As I read this post that I wrote exactly 12 years back, I wish I could be more like that guy. He didn’t care about how random the thought was. He was fearless. He may not make sense always, but he never let that hold him back. He didn’t worry about what the reader might think about him. The thoughts and the writing sounds so immature, but am sure today I can write about the same idea a lot more cleanly. But then why don’t I word such thoughts?
Well, I am no longer him. I wish I could be. I guess growing up has made me rigid and a lot more fearful.
The online Apple Store is finally launching in India in a week. I need to be fast and block all my credit cards. I have heard many stories of how Apple makes the buying experience so simple that most buys are instinctive. And with current times of lockdown, my mind is full of abrupt instincts.
On a serious note, am really looking forward to the availability of trade-in, AppleCare+ and Apple support. Of course, I am sure the cost won’t be too low for any of that. A cursory look at the available payment options makes you realize that Apple is finally taking the Indian market seriously. I wish that Apple rolls out Apple Pay that’s customized for India soon.
One of my senior colleagues delivered a timely reminder of one truth — we don’t take any good or bad decision. Because no decision is good or bad until we get to the result that decision leads to. And given the fact that no one sensible can predict the future, you can only judge a decision in retrospect. So don’t get paralyzed. Just take the decision.
I felt very close to the rain today. I don’t like to get drenched in a downpour. Or to get damp in a drizzle. As a child, I used to sit at the edge of the veranda and watch the rain play its games. I did that again today after a long, long time.
The clouds gave way to a slight drizzle and eventually burst into an angry downpour. I slumped into the swing chair in the veranda and grinned as the wind lead the stream of raindrops as part of their lovely waltz. I instinctively stretched out my leg to the rain in the hope that nature’s playfulness on show rubbed onto me.
It did; I felt calm, devoid of the stress that I had become so habitual to recently. I experienced a general sense of clarity within, but I wasn’t thinking about anything specific.
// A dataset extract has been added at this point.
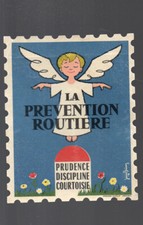 publicité vieux papiers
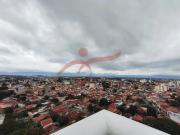 Apartamento para LocaÃ§Ã£o em TaubatÃ, ChÃ¡cara do...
A numbness of mind that moves you meaningfully? I wish I could better word this paradox.
My recent lifestyle of the bustling metropolis has made me ignorant. When it rained, I hid behind glass with the raindrops furiously colliding against it. But then they dejectedly glided down. Not today. I let them touch me, heal me today.
I went casual shopping today. I didn’t dress up as I would normally do whenever I go out in my hometown. How I look as I go outside does not matter to me much these days. Anyway, all I had to shop for was some groceries and a few ointments.
The way I looked today was fine for the larger town I have settled in. Rather the shabbier I dress up, greater the respect I gain from a store owner. Or so I believe. This theory fails royally in my comparatively smaller hometown.
As expected, I was consciously ignored by the store owners and the attendants. I, then, asked for a specific item, a Himalaya – a well-known Indian brand – face cream. I returned the Himalaya face gel asking for the cream variant. And it is then that they called me “sir”.
This incident repeated itself at another store. My shabby attire made everyone attending in the store to ignore me. I then asked for a lip balm of from Nivea. I returned the strawberry flavoured one he hesitantly handed me and asked for a variant that’s especially for men. It is then that they called me “sir”.
I have realized over the years (and from the sheer amount of effort my dad puts in dressing up just to go out of the main door) that it matters here how you present yourself outside – especially in shops as a customer. However, if a shabby looking attire makes the store owners and attendants ignore you, the specificity of your wants makes you special.